It’s a funny thing.
They are not me. I am not them. We are all one. Different flavors of source. My frustrations regarding them appear to me once I am again able to breathe.
I broke a chair today. One of our oldest. Those of its kind have been creaking and cracking anyway. At least that was the justification I gave for picking it up from its place in front of the computer and slamming it down on the floor . This followed several episodes of crossing boundaries today in our household. Testing the waters and pushing limits. And so it continues in its various forms.
Here’s what I know:
If I open my eyes to the beauty right in front of me there is so much to want to share. Saying “I love you” to my children is not enough. At least it always feels like an inadequate way to express how I feel about them. To them. So I look for other ways. To be kind. And generous. And accepting. And when I see something that looks dangerous or risky around my children I do my best to protect them. I struggle with certain things because in order to really teach my children, I have to feel like I KNOW something. I have a Bachelor’s degree in Psychology. (Is that even supposed to be capitalized?) And the only thing I know for sure is that I know nothing. And what I mean by that is there is so much more to see and learn about this world. More than you can learn in school. It’s much RICHER. And lighter and brighter. There is no One right way. There is only one source and infinite possibility. And that, I know for sure.
I let the details of that truth unfold in my life. That is my mantra for the moment, I suppose.
I let the details of the truth that we are all one, and I am everything, unfold into my life in a way that serves the highest good. May <this> be a part of that process.
And THIS becomes whatever you want in that moment. Whatever you want to be or dream or do, you do. Right now I want to write myself back to innocence. Back to a time and place where I felt SAFE to be me. Where I was cared for and protected and I could safely express myself in the means of the time. I wrote stories, then. And I write now. I feel those things NOW. I was able to relax into the feeling of safety. Most often times in front of the TV. There is something about it. Something hypnotizing. It suspends our perception of time. We are drawn into another world. And as I start to awaken to the deeper truths behind the movies and television shows I grew up with I mourn a little. But I also feel relief.

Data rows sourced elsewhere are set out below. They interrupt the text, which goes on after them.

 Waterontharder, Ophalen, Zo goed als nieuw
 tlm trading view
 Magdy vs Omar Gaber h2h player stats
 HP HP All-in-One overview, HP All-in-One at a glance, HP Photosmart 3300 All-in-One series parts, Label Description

I no longer have to identify with them in the way I used to. I can simply watch them as if I haven’t watched it before. Or not watch it at all and never watch it again. Either way it doesn’t matter.

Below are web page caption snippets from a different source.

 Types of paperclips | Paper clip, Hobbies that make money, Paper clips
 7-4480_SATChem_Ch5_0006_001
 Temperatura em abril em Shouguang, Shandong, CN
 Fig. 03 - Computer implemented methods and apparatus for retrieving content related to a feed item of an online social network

What matters is the story. The one no one has heard before. Or one that reminds us of who we are. And what we could be. If we wanted . Or the one that motivates us to be MORE of ourselves. More of each of us and everything that is good. If we wanted. I add that part, “if we wanted,” because sometimes I get the feeling that there are forces out there who don’t want peace and harmony in the world. Even I question it sometimes. How is that even possible? What would peace and harmony, everywhere, present, even look like? Because I have a vision of how things could be better in my neighborhood. But that involves cooperation with neighbors we have lived next to but never really truly interacted with for nearly 5 years. Oh, except for the couple times Sonic wanted to play with the kids across the street. And the time, several weeks ago, that a neighbor helped me push my car out of the snow. And then I think to myself, “ I’m not quite sure I’d want to know them.” And then I fear everyone thinks that way. A valid thought and feeling. And I pursue the potential no more further.
But I remember that I am doing radical things here. Things I’m still quite unsure of. I’m trusting the process, because that is what it is. But I still experience periods of frustration and anger and confusion and loneliness. But they don’t rule me. I simply let them come and go.
And I pick up the pieces of the chair that Luna keeps pointing to saying, “dat doooe” (uh-oh). I know I broke the chair. I broke the chair and Luna watched me do it.
I sigh a big sigh. The phone rings and I pick it up. It’s grandma and we make plans for the day. Life calls me. The present snaps me to attention. No use feeling guilt and shame and wallowing in it. I scare myself sometimes. I can be scary. I know this about myself. But I can also be awesome. So I forgive myself. My kids already have.
And I continue to remind myself that my frustrations aren’t really about them. They are about me. Baby Jessica. And about how she grew up and was taught to believe in this world. And about how we are finding our way back to each other. That’s the true work. It’s a process. And the little people in my life, all of them, being me and NOT me- all at once, are my greatest teachers.